Е. И. Нифанина - продолжение -
День от дня стало хуже в деревне. Кто ослабел, на работу не может выйти, бригадир скажет председателю. А он пишет кладовщику: « Не выдавай пайку, пускай как знает живёт». Хлеб-то есть, овёс выдавали каждый день, кладовщик из склада не выходила с утра до вечера.
Как то собрались женщины за пайком, еле стоят на ногах. Говорят между собой: « Егорко-то с ума сошёл». Парасья подтвердила: «Мы вчера на скотном дворе обряжаемся. А он пошёл на улку и ревёт» Пожар!». Но тут подошла сзади Кузина и сказала: « Помер Егорко-то». Все так и ахнули. Опять покойник, все на одном месяцу. Егорко был двенадцатый ребёнок в семье и тому уже было сорок лет. Два брата на войне, да три погибло в гра-жданскую войну и шестой брат стал жертвой войны… Так судачили женщины. Та же Кузина сказала: « У меня вчера Демидова унесла кошку и , наверное сварила и съела…

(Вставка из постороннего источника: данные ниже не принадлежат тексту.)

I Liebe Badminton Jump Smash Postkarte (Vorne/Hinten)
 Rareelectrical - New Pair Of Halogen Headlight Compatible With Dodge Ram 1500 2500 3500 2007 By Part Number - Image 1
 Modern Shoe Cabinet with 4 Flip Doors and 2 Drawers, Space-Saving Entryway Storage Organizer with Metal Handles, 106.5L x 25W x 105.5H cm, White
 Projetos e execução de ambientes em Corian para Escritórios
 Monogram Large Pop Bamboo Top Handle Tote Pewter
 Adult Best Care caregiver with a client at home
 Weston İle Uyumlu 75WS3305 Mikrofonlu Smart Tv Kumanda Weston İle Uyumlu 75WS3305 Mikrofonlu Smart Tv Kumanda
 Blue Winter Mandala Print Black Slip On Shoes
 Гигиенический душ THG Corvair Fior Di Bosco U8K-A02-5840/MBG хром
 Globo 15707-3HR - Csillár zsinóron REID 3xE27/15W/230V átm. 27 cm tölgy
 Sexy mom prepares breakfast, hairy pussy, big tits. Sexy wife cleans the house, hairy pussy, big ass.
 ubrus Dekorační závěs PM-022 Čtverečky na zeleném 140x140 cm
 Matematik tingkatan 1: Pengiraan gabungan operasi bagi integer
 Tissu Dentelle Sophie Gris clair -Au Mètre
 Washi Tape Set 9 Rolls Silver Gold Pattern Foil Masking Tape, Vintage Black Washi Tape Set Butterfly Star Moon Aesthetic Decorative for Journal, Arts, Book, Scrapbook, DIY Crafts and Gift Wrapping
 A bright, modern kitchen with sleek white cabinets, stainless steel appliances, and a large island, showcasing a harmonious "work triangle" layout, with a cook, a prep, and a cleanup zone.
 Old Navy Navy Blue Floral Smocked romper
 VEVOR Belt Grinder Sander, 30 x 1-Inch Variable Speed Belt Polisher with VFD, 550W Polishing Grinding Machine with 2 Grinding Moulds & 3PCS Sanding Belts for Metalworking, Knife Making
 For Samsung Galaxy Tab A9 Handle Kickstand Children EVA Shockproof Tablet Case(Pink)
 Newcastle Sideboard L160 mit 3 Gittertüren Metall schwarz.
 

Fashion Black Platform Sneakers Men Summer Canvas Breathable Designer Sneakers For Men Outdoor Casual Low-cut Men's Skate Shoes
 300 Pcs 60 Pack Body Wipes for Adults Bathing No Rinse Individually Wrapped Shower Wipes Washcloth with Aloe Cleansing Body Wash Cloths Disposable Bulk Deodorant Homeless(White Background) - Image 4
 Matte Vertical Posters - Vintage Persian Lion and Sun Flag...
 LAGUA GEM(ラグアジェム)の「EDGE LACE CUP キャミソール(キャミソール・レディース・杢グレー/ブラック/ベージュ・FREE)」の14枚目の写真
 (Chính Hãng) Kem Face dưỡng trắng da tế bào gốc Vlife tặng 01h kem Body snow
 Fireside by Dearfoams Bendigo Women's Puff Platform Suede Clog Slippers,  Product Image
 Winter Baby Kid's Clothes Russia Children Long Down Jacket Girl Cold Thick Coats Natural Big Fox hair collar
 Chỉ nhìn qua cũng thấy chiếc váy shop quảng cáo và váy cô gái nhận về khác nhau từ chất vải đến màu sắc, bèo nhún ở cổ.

- « Ой, беда-то, жонки! Она уж сколько кошек-то съела, да она у Марочко, говорят, собаку сварила. Голод – всё заставит…
После того разговора женщин, дня через три, потерял собаку Васенька, брат председателя. Он пошёл прямо к Демидовой. Когда зашёл к ней в избу, она не усидела на лавке. Не зря говорят: на воре шапка горит. Не здороваясь, Ва
сенька сразу стал говорить строго: - « Ты, у меня, суку зарезала»?
- « Я не резала, - « ответила та, виновато смотря себе под ноги. Тогда он открыл печь и вытащил чугун. Сразу опахнуло свежим мясом. Открыв чугун, увидел, как плотно сложено мелко изрубленное мясо. Поругал свою род-ную дедину и ушёл. Голод всего сильнее. Не от красы, она ела, кошек и собак.. Как-то пришла к соседке вторая дочь Демидовы, Катика, и говорит: - « Я боле дома жить боюсь. У нас мама вчера говорит мне: « Катика, давай зарежем Костю да съедим»…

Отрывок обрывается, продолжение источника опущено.